Small fry may turn coat at censure meet
Rebel group weighs voting against PM
A Group of 16 MPs from small parties is undecided whether to vote against the government in the next censure debate.
This is despite their being set to join the opposition in the grilling over the controversial bidding for a contract to build the main pipeline for the Eastern Economic Corridor (EEC), said Pichet Sathirachawal, the group's leader.
Mr Pichet said the group, which claims to have 16 MPs under its wing, will decide how to vote in the censure motion expected later this month or early next. Some of the group's MPs have previously supported the government.
Mr Pichet, who is also an MP for the ruling Palang Pracharath Party (PPRP), said the group planned to zero in on the EEC transmission pipeline project worth 25 billion baht.
The Treasury Department, supervised by Deputy Finance Minister Santi Promphat, has a role in the management of the pipeline project.
Mr Pichet alleged the project may be fraught with irregularity.

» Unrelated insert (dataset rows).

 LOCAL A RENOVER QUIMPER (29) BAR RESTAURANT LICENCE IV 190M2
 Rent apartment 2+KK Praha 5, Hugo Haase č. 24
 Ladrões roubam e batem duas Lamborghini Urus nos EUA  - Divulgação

If the government keeps pushing ahead with the project, the group would sever its ties with the government, he added.
In that case, Mr Pichet insisted he would join hands with Deputy Pheu Thai Party leader, Yuttapong Charasathien, in censuring Mr Santi in the debate.
At the same time, Capt Thamanat Prompow, former Setthakij Thai secretary-general who is tipped to assume the party leadership, claims he has the support of more than 40 MPs from various parties including the Group of 16 and a number of the PPRP's own MPs.

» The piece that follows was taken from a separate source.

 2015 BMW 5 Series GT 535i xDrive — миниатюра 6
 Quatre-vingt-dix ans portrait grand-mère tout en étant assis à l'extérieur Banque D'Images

The parties are looking to vote down targeted cabinet ministers and Prime Minister Prayut Chan-o-cha in the no-confidence debate, which could result in the prime minister either being replaced or calling for a House dissolution.
Meanwhile, Pheu Thai leader Cholnan Srikaew said yesterday he was not concerned that seven party MPs backed the budget bill at its first reading in defiance of the Pheu Thai Party line.

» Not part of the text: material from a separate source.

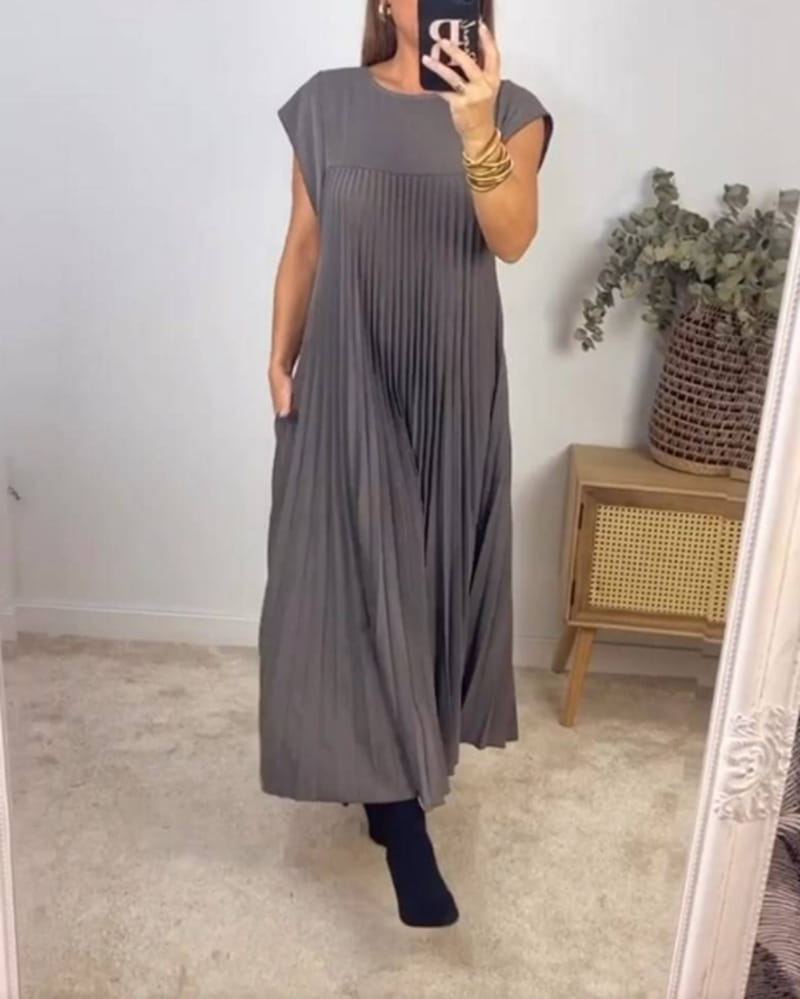 Short Sleeve Pleated Long Dress Summer Round Neck Dress Women’s Clothing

An internal disciplinary probe will proceed against the seven MPs before deciding whether to dismiss them. If purged, the MPs are free to defect to another party within 30 days of dismissal.
"Looking on the bright side, we'll be able to explain to our constituents why these MPs paid lip service to the Pheu Thai's ideology and why they betrayed the party.
"It will compel more people to vote for the Pheu Thai in the next polls," the party leader said.